Available all year round but at its sweetest in the colder months, choose bunches with firm stalks and a bright red colour.
To eat rhubarb it must be cooked. Prepare by cutting off and getting rid of the leaves (they are toxic) and the bottom of the stalks. Now you can cook it in the following ways:
1. For breakfast (or dessert!)
Dollop puréed rhubarb onto yoghurt and muesli for an excellent start to any day. To make the purée, cut a bunch of rhubarb stalks into 4cm lengths and place in an ovenproof dish with half a cup of brown sugar and a split vanilla bean. Cover with foil and bake in a 190⁰C oven for about 15 minutes or until soft. Remove the vanilla bean and blend in a food processor. Rhubarb purée also makes a fast dessert.

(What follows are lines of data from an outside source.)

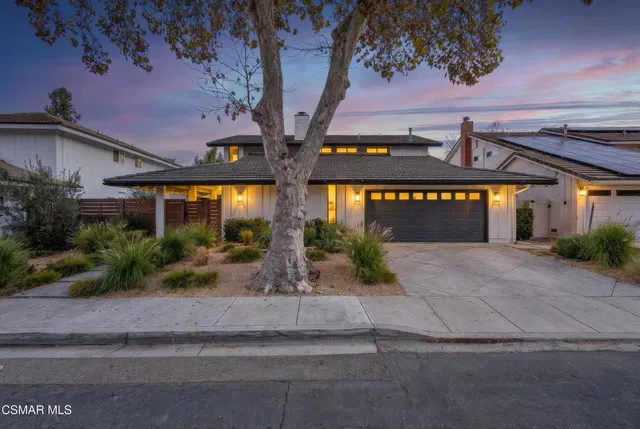 front view of a house with a street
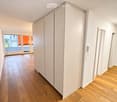 A clean, modern hallway with light wooden flooring, white walls, and a large sliding glass door leading to a balcony area with city views.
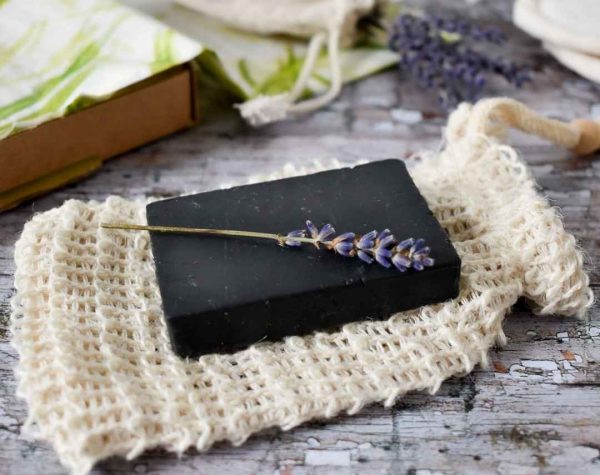 white A black soap bar and purple lavender sprig are placed on top of a beige soap saver bag . Background is a grey wooden table.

Simply swirl through softened ice cream, drizzle over whipped and sweetened ricotta or channel your nanna and dish it up with a rich egg custard.
2. In a crumble
Whether it’s on its own or combined with other fruits, rhubarb and crumble go together like Matt and cravats. Double down on the hero ingredient by trying Rhubarb Crumble with Rhubarb Sorbet or serve the more classic Apple Rhubarb Crumble with Vanilla Bean Custard.
3. Like a chef
Feeling adventurous? Try George’s Scallop and Smoked Salmon Osso Bucco with Rhubarb Tart and Blood Orange Vinaigrette where he dramatically sits a savoury rhubarb tart on top of scallops wrapped in smoked salmon. Gary, on the other hand, makes the most of rhubarb’s pretty colour by using it to make a delicate syrup in Sheeps Milk Yogurt Mousse with Honey Toasted Muesli and Rhubarb Syrup.